2日休んで3日練習をして、また2日休んで練習というサイクルです。しっかり身体を休めることもできましたし、自分たちのことをもう一度見つめ直す良い時間になっています。
今までであればレギュラーシーズンが終わって、その翌週からチャンピオンシップが始まります。いつもだったらレギュラーシーズンが終わった勢いのままチャンピオンシップに入っていくのですが、今シーズンは一週間空くということで今までとは多少違いがあります。時間に余裕があるということで、より慎重にというか、落ち着いて自分たちのことを見つめ直しながら準備しています。
──時間があることはプラスだと思いますが、最終戦から期間が空き、チャンピオンシップモードになかなか入れないというマイナスな要素はありますか?

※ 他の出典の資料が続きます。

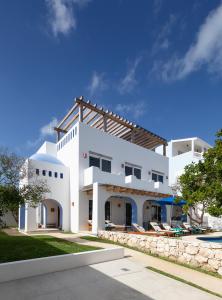 a large white house with a swimming pool at Casa Sienna Lia Spacious House in Isla Mujeres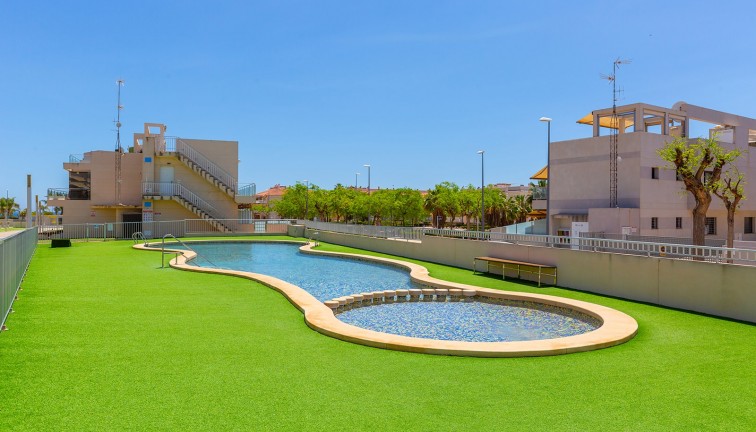 Jälleenmyynti - Asunto - Pilar de la Horadada - TORRE DE LA HORADADA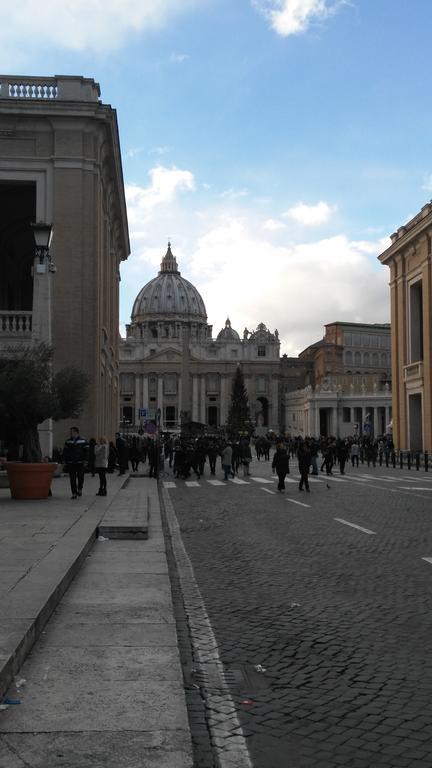 Fiore Vaticano B&B Roma Esterno foto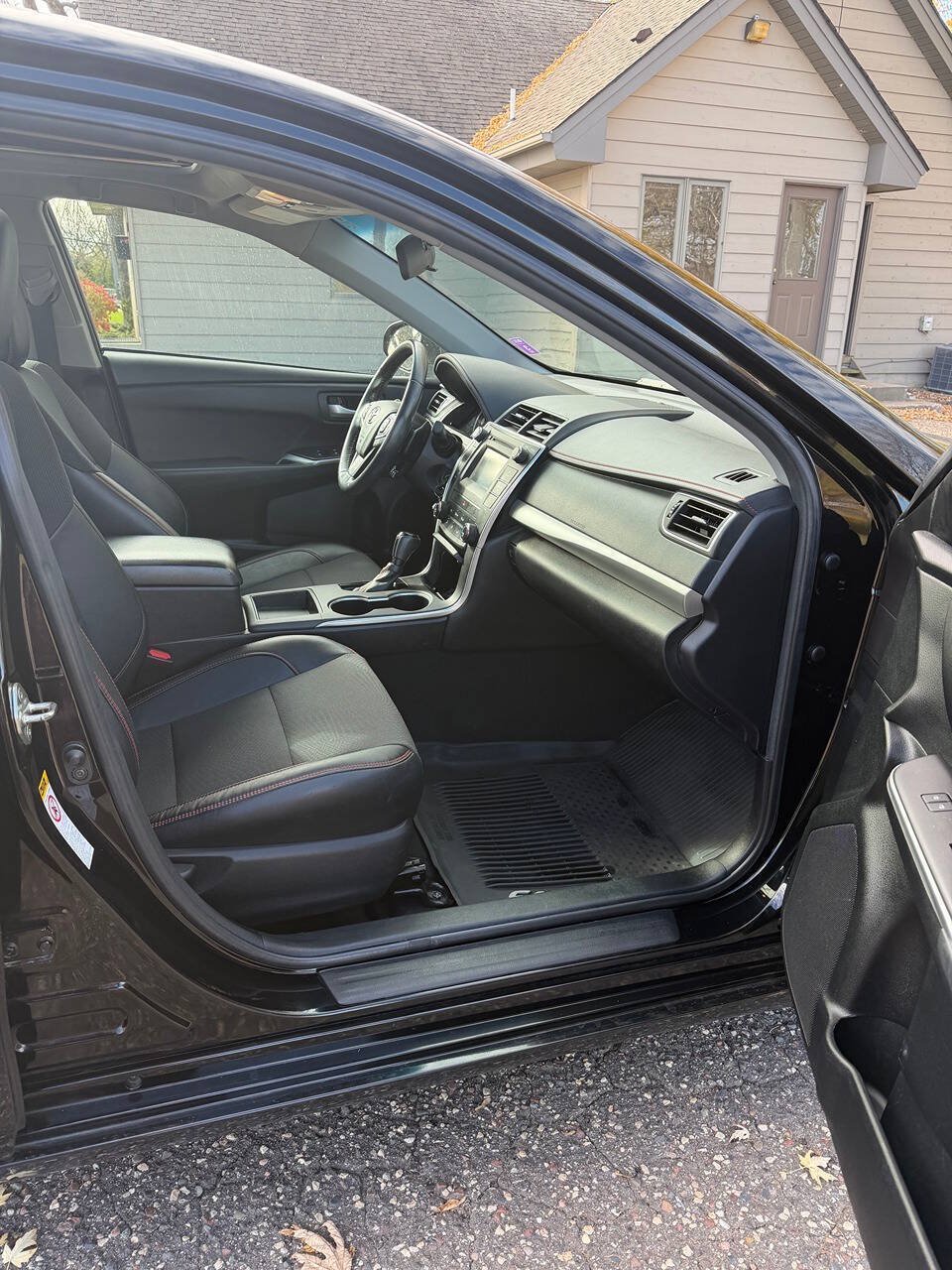 Used 2016 Toyota Camry SE w/ Moonroof Package FWD image 13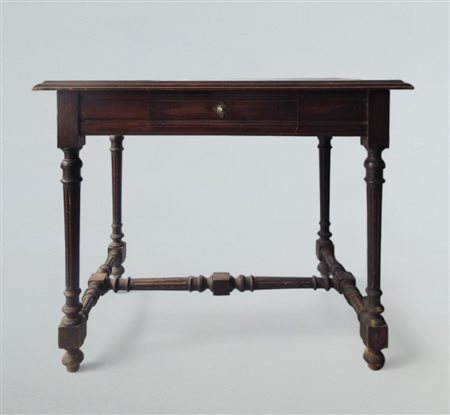 Tavolino scrivania in legno dolce tinto a noce scuro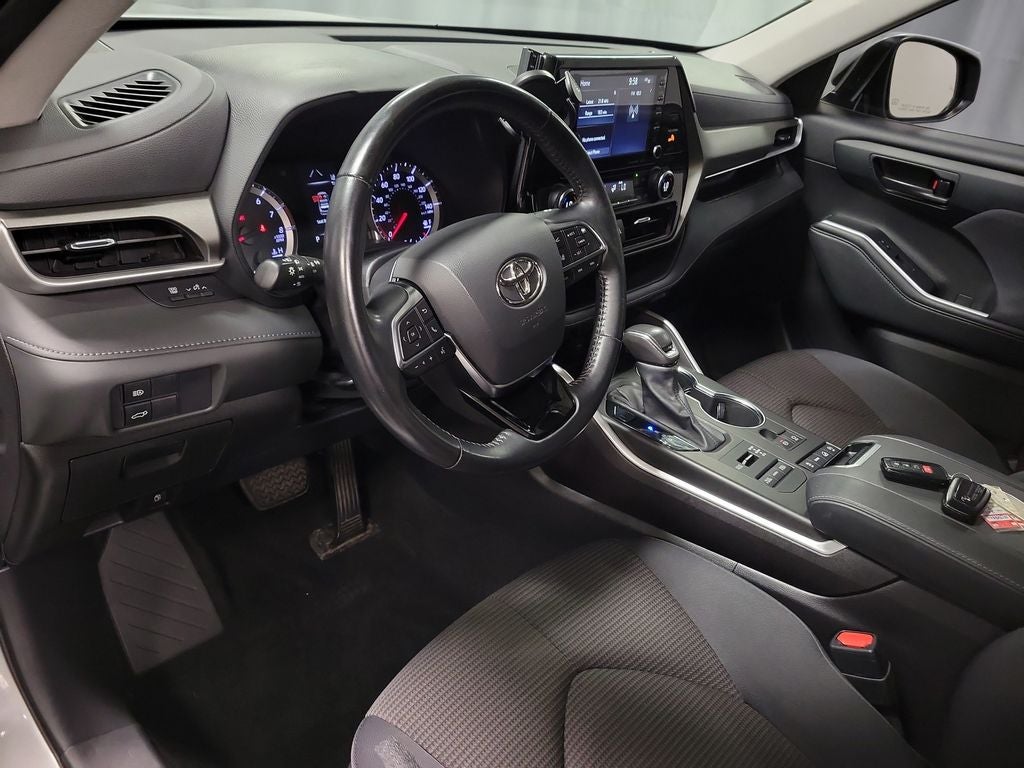 2021 Toyota Highlander LE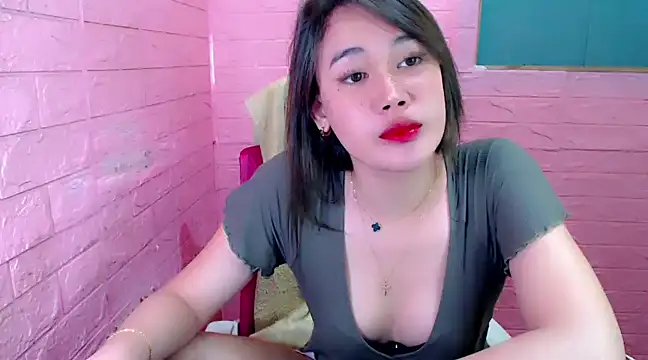 9inSelfSucker online show from January 21, 1:00 pm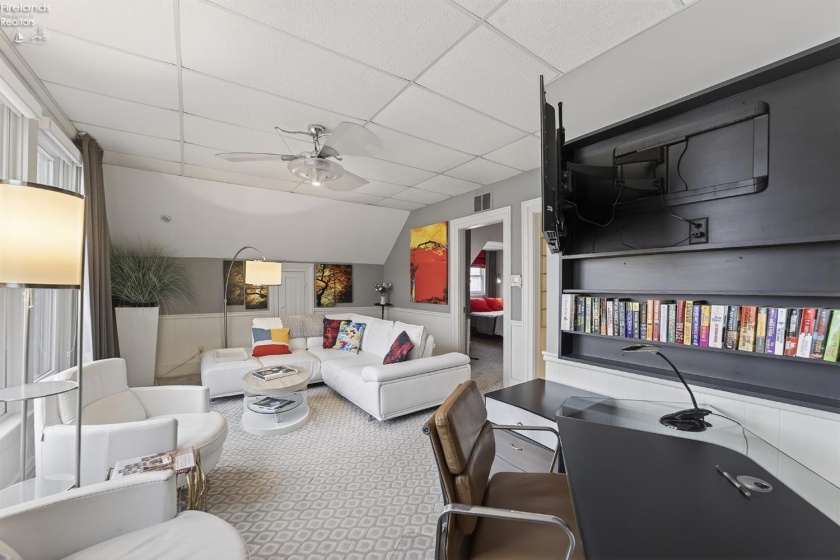 212 West Front St, Findlay, 45840, ,Commercial,For Sale,West Front St,20260786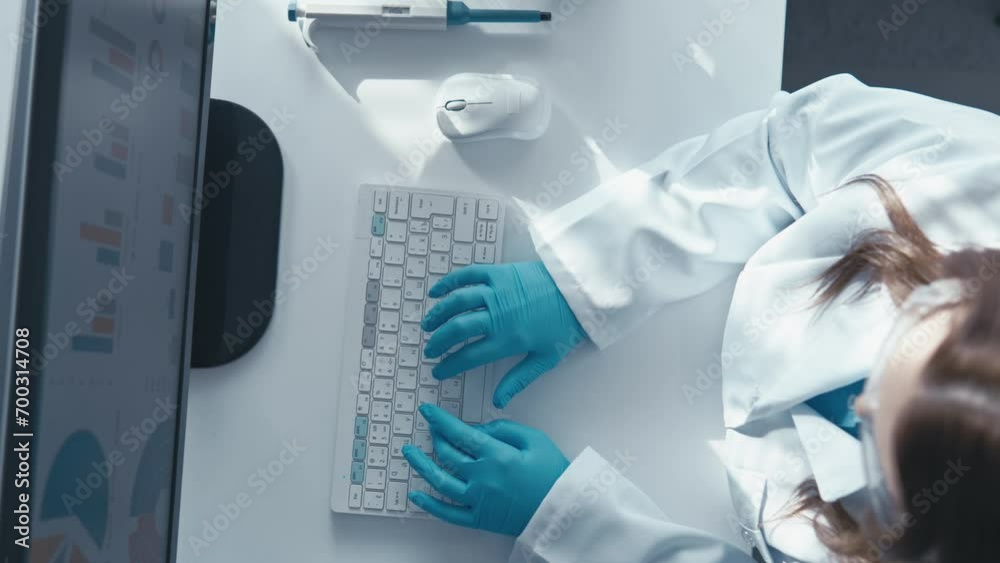 Aufkleber An online scientist enters data into the Internet at his workplace in his laboratory. A doctor works in a hospital at a computer, typing on a keyboard. Statistics Data Analysis, Research Experiment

ネガティブにはとらえていません。ただ、今シーズンは一週間の猶予があるので、最初の一週目は落ち着いて身体を休め、チャンピオンシップモードへの切り替えを早すぎないようにしました。身体を休めることができたし、時間をかけて練習することもできたので問題ありません。少し期間が空くというのはレギュラーシーズン中にも経験がありますし、チャンピオンシップということでみんな集中しています。
──準備万端ということですね。ちなみにリーグ最高勝率でチャンピオンシップへ進出しますが、コロナ禍でレギュラーシーズンに苦労した点はありますか?
長いシーズンの中でバスケットボールから離れたくなる時もあります。今までであれば東京に行ったり外にご飯を食べに行ったりして気分転換していましたが、それがコロナによって県外に行けないとか、場所によっては閉まっているとか、バスケットボールから距離を置くという面での難しさはありました。それ以外はリーグもしっかりコロナの中で選手が安全にプレーできる環境を確保してくれたと思うし、しっかり対策をしてくれたので、バスケットの部分ではコロナでのストレスはそこまでなかったです。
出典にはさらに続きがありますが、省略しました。